The offer and acceptance are governed by the objective test.
The outward appearance of words and actions matter- not secret intention.
Key question: is whether the offeror displays an objectively serious intent to be bound.
**Watch out for situations involving humor or anger–the offeror may not be displaying a serious intent to be bound under the objective test.
MBE CONTRACTS: Offer
Can anyone accept an offer made by the offeror?
No. An offer must usually be directed to a specific offeree. You cannot accept an offer unless it is directed to you.
Limited exception: contest offers or reward offers
MBE CONTRACTS: Offer
How specific must the offer be?
Under the common law: All essential terms must be covered in the agreement.
UCC: The law is more willing to fill the gaps and find a contract, even if the agreement leaves out some key terms.

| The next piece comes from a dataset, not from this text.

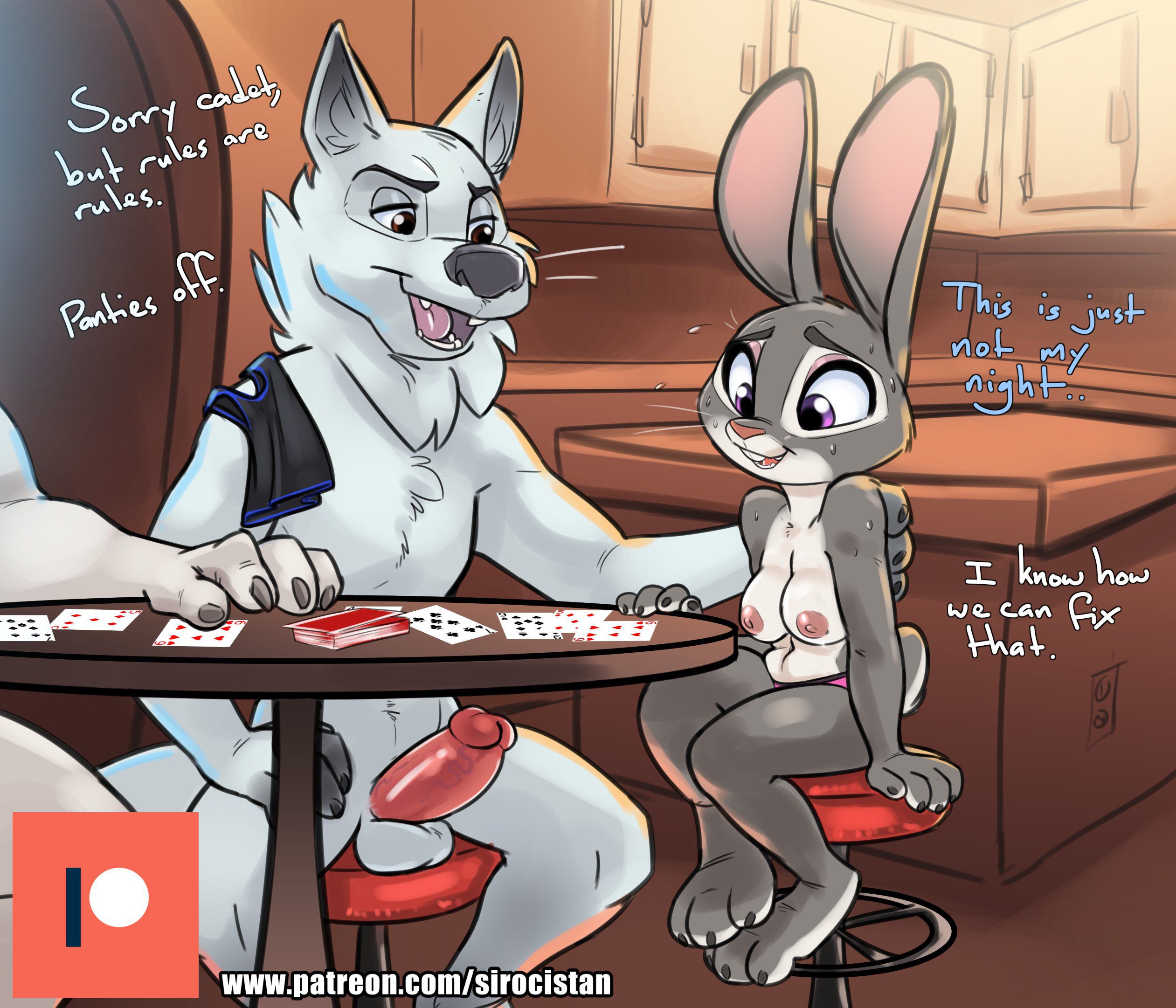 Academy Dayz (Zootopia) [Siroc] 1 . Academy Dayz - Chapter 1 (Zootopia) [Siroc] – page 5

Under the UCC, the only essential term is the quantity of what you are selling.
MBE CONTRACTS: Offer
What must the offer convey?
A valid offer must convey the power of acceptance to the other side . (The offeree can simply say “I accept” and know that he has concluded a deal.)
MBE CONTRACTS: Offers
How can an offer be terminated?
- The offeror revokes the offer by express communication to the offeree.
- The offeree learns that the offeror has taken an action that is absolutely inconsistent with a continuing ability to contract. This is called a constructive revocation.
- The offeree rejects the offer. Usually effective upon receipt. An offeree cannot accept an offer once it has been terminated.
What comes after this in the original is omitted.